* EXERCISE *
If pictures appear in the lines below, skip them and copy exactly the lines from the one containing "Потолочный светильник ST" through the one containing "Yeux <br> Élégance™", and nothing else.

* TASK INPUT *
....................
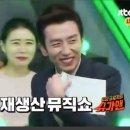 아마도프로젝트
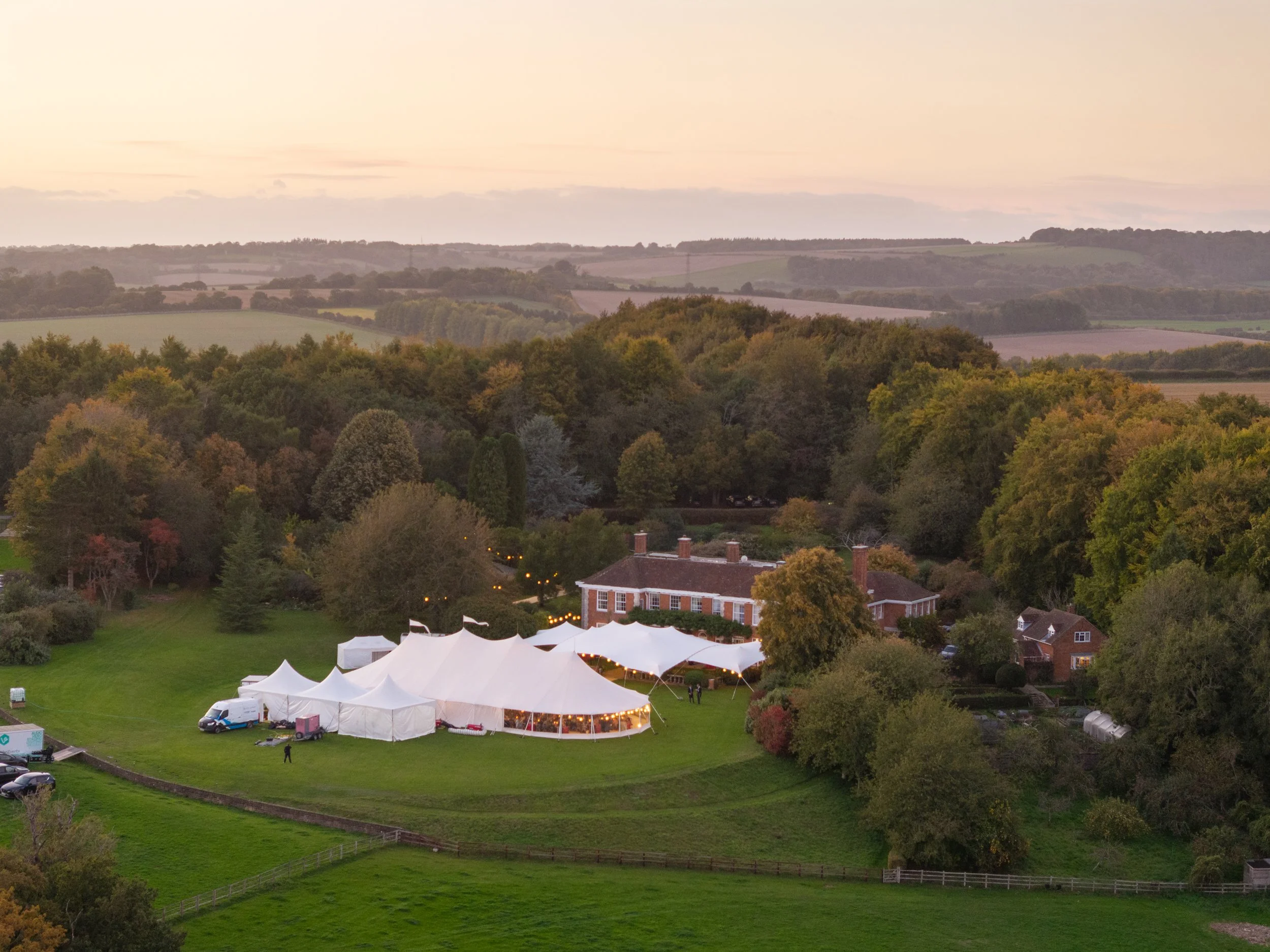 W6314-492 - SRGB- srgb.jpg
....................
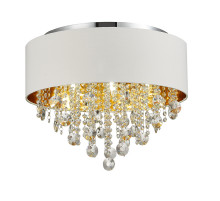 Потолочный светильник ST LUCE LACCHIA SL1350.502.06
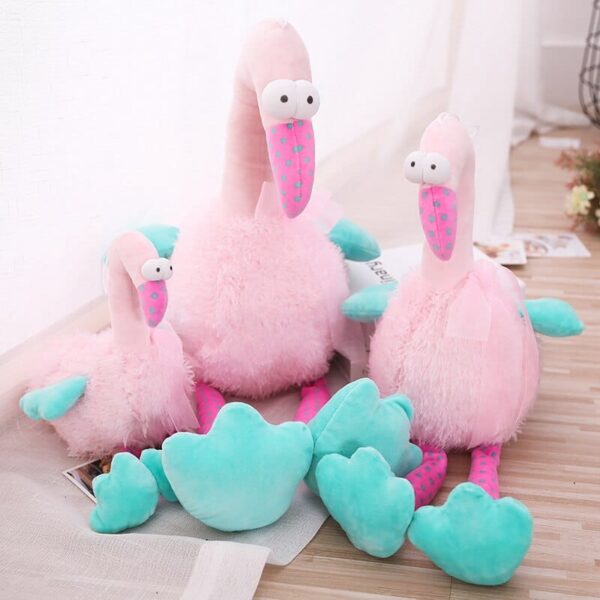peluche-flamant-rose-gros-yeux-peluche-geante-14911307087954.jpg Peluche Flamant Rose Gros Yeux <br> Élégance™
....................
* SOLUTION *
 Потолочный светильник ST LUCE LACCHIA SL1350.502.06
peluche-flamant-rose-gros-yeux-peluche-geante-14911307087954.jpg Peluche Flamant Rose Gros Yeux <br> Élégance™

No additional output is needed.